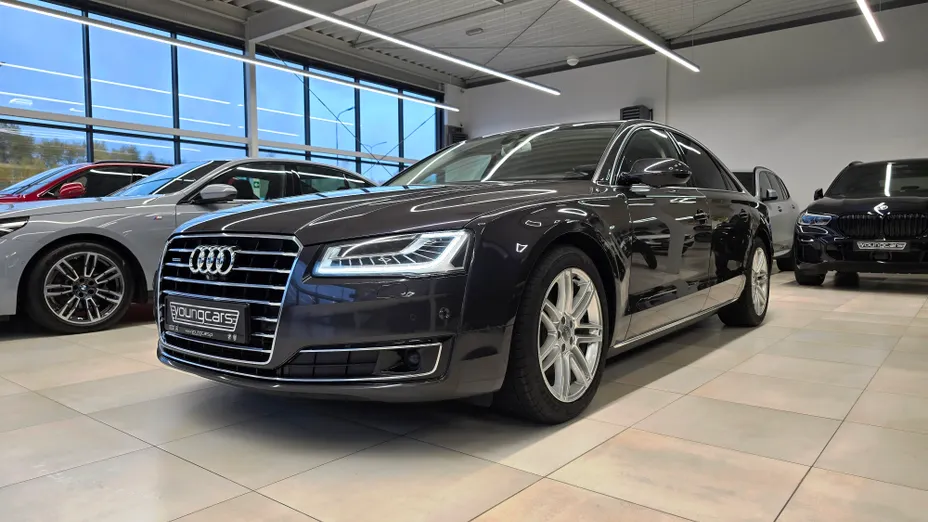 AUDI A8 A8 3.0 TDI clean diesel Quattro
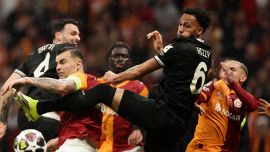 Juventus, per Kelly offese razziste dai tifosi dopo gli errori col Galatasaray: il difensore passa all’azione
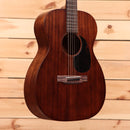 Martin 00-15M concert acoustic guitar natural finish with mahogany back and sides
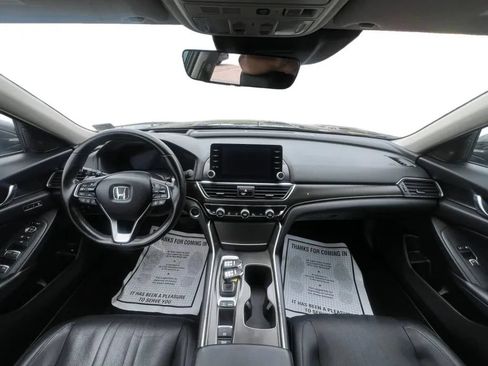 Used 2018 Honda Accord Touring image 10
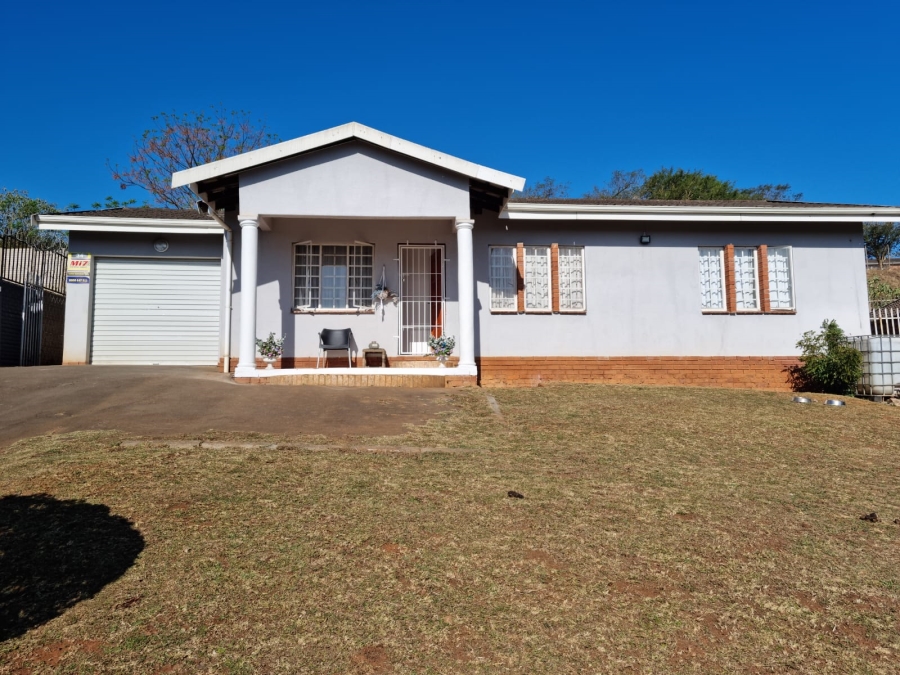 3 Bedroom Property for Sale in Dunveria KwaZulu-Natal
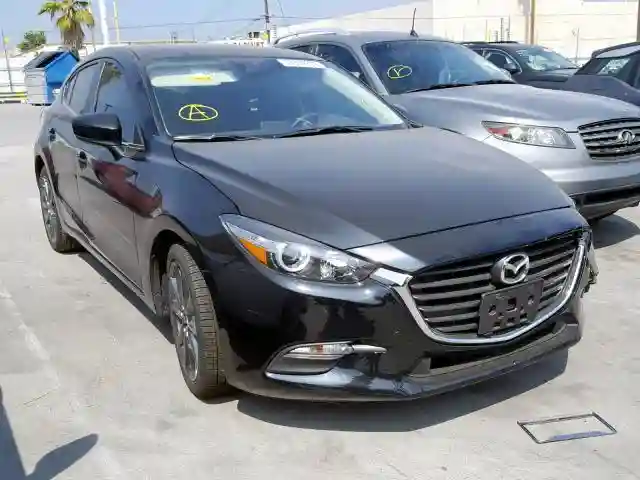 3MZBN1L35JM259455 2018 MAZDA 3 TOURING-0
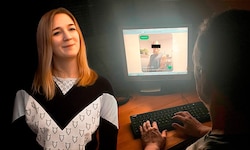 Helmut G. vor seinem Computer, er zeigt darauf das Profilbild, mit dem Clemens T. unter dem ...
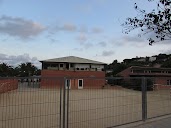 Escuela L'Olivera en Cabrils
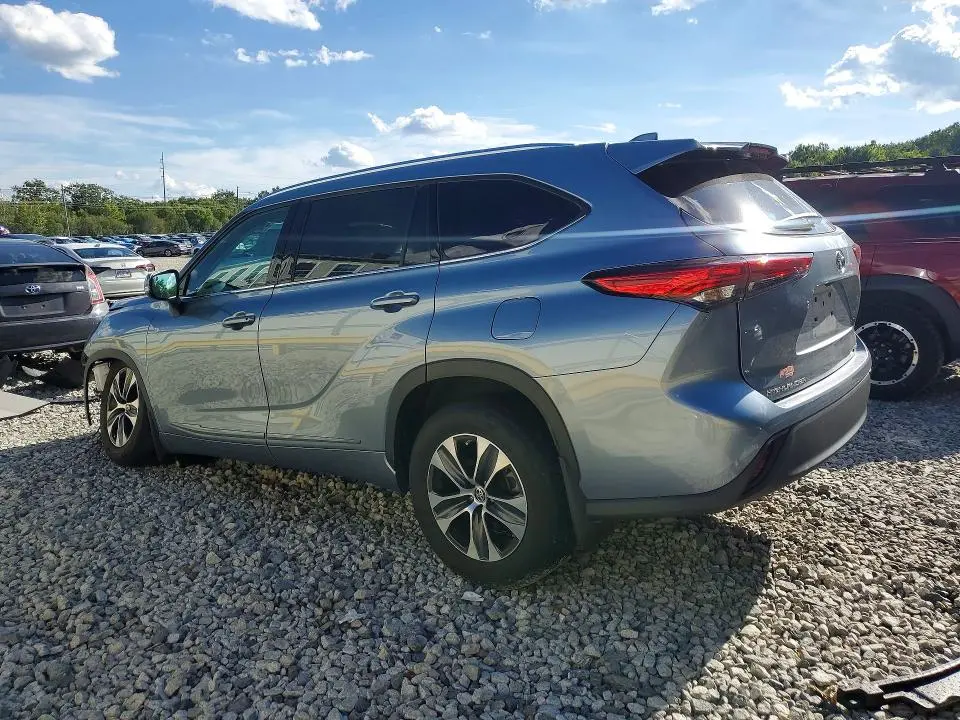 2021 TOYOTA HIGHLANDER XLE  
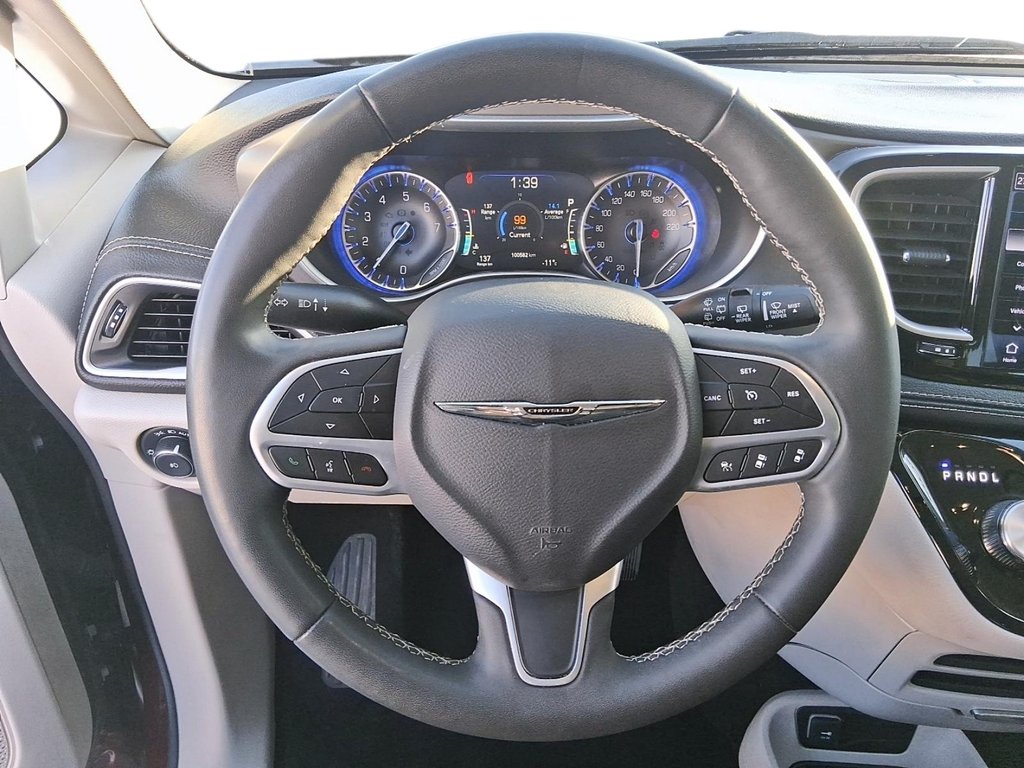 2023 Chrysler Pacifica Touring L FWD in Stratford, Ontario - 13 - w1024h768px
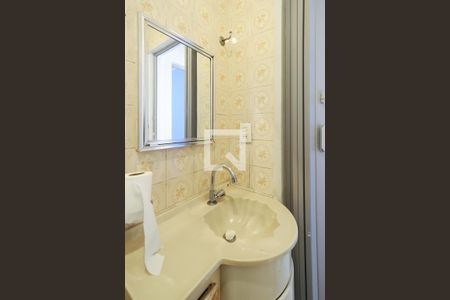 Casa à venda com 116m², 3 quartos e 2 vagas Casa à venda com 116m², 3 quartos e 2 vagasBanheiro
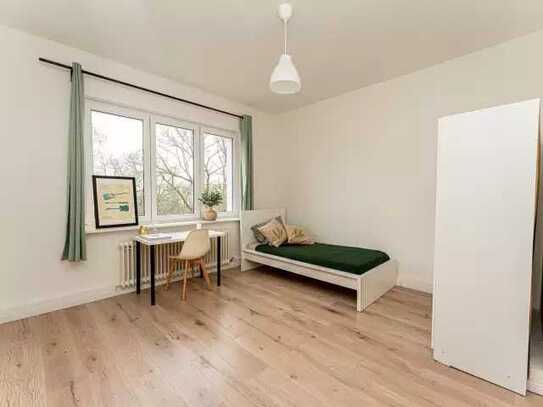 Schönes 12m² WG-Zimmer in 75m² 3-er WG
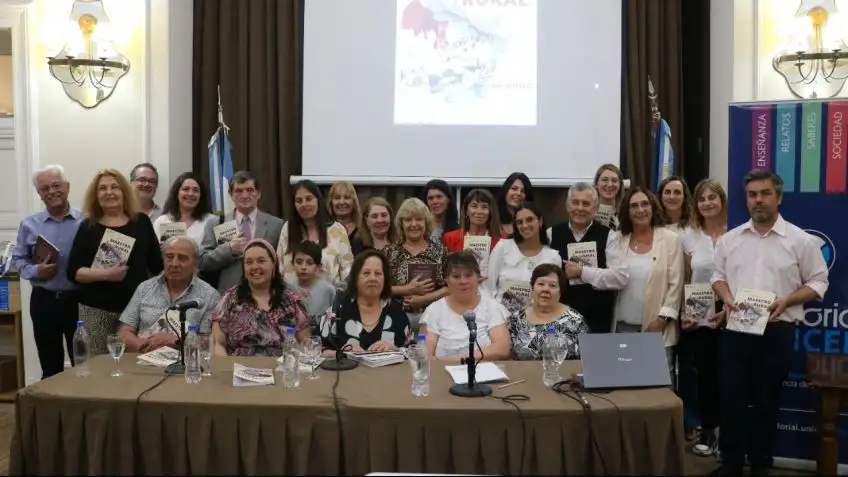 Integrantes del equipo Memoria Institucional, directivos del Instituto de Formación Docente N°10, Editorial UNICEN y equipo de gestión de la Secretaría Académica de la Universidad.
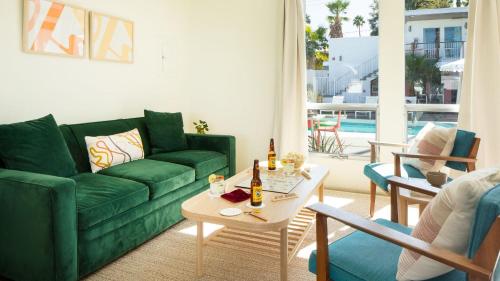 room detail thumbnail 0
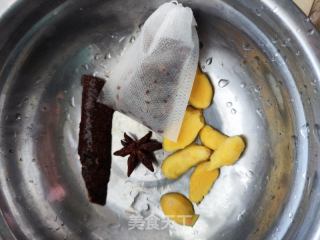 红酒焖猪手鸡翼的做法步骤：2
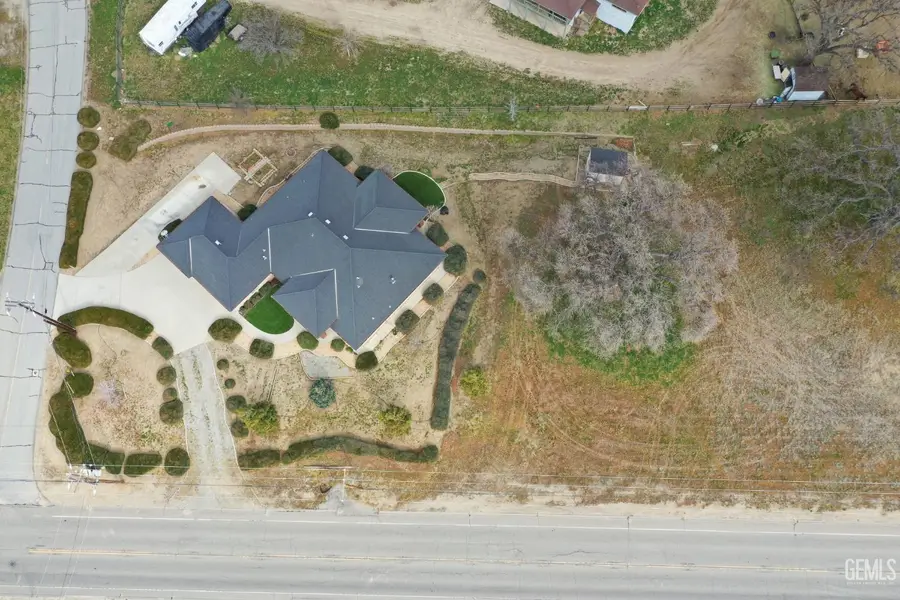 23780 COYOTE COURT, Tehachapi, CA 93561 - #2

* [Problem to solve]:
Starting at the line above that holds "Used 2018 Honda Accord Touring image 10", repeat every line exactly down to and including the line that holds "2021 TOYOTA HIGHLANDER XLE", then stop. Do not carry over any pictures.

* [Response]:
 Used 2018 Honda Accord Touring image 10
 3 Bedroom Property for Sale in Dunveria KwaZulu-Natal
 3MZBN1L35JM259455 2018 MAZDA 3 TOURING-0
 Helmut G. vor seinem Computer, er zeigt darauf das Profilbild, mit dem Clemens T. unter dem ...
 Escuela L'Olivera en Cabrils
 2021 TOYOTA HIGHLANDER XLE  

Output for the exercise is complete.